Insights on source-to-sink partitioning in potato in response to N

Wednesday, July 28, 2021
2:15 PM - 2:35 PM

Source-to-sink partitioning in potato is a critical process during the growing season for development of tubers and reaching high yields. Potato tuber yields depend on nitrogen (N) supply. The relationship between source-to-sink partitioning and N supply was examined in the study. Gene expression in responses to N supply was examined in leaves of plants grown in the same field plots used to quantify yield. A single field trial was used initially to identify a set of 63 N responsive genes using transcriptome sequencing. Expression of these 63 genes were further examined in seven field trials with varying N rates, sites, and cultivars using the Nanostring nCounter platform.
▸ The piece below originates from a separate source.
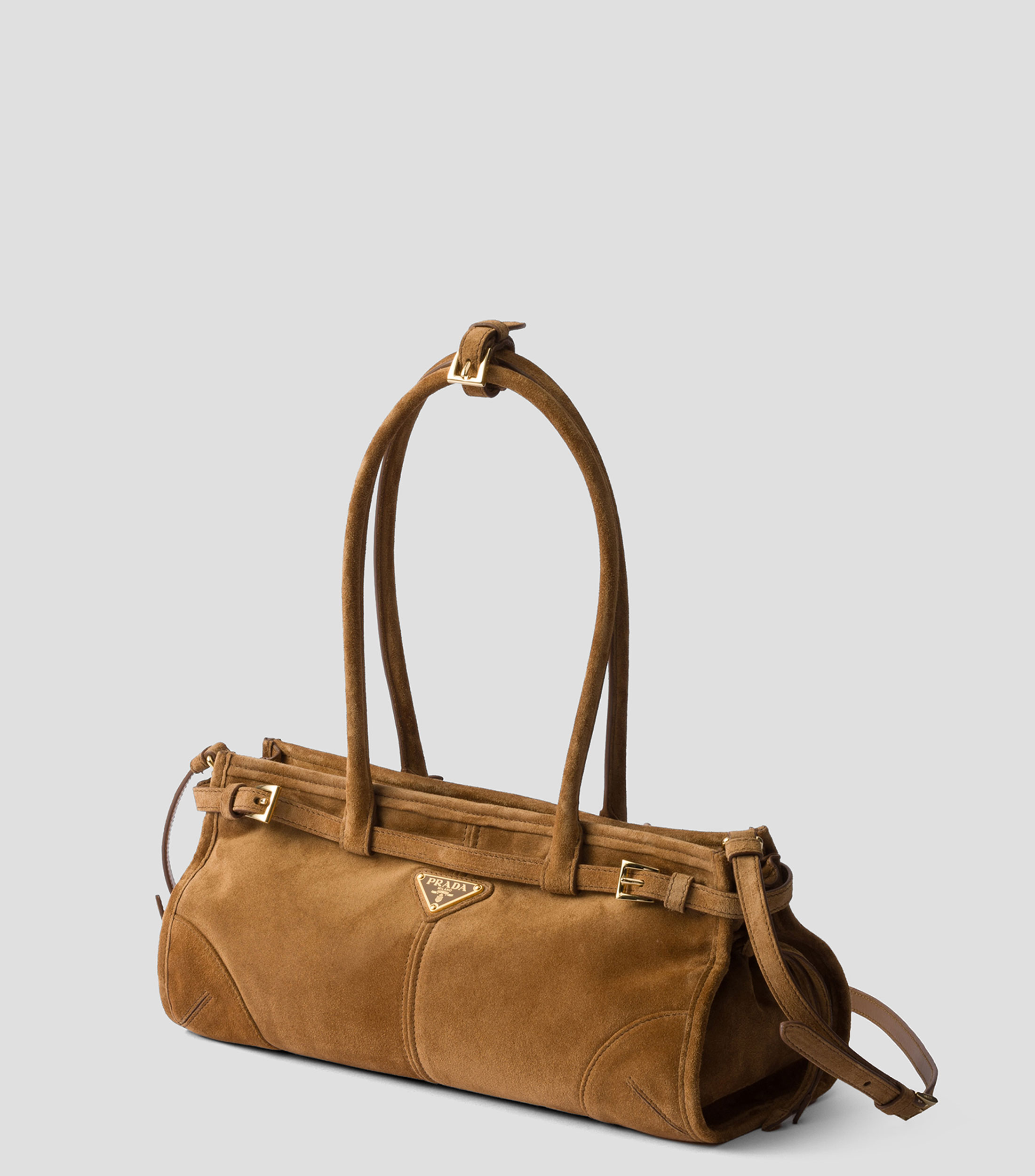Bolsa Tote Café en Piel Bonnie, Mujer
Least absolute shrinkage and selection operator (LASSO) regression models of gene expression predictive of yield, total plant N uptake, and tuber-specific gravity (proxy for dry matter) were built. Genes in the LASSO model for yield were associated with source–sink partitioning. A key gene regulating tuberization and senescence, StSP6A Flowering locus T, was found in the LASSO model predicting tuber yield, but not the other models. An aminotransferase involved in photorespiratory N assimilation and amino acid biosynthesis was found in all LASSO models. Other genes functioning in amino acid biosynthesis and integration of sulfur (S) and N metabolism were also found in the yield prediction model. The study provides insights on N responses in foliage of potato plants that affect source–sink partitioning. Additionally, N-responsive genes predictive of yield are candidate indicators of monitoring crop N status and tolerance to N stress in breeding.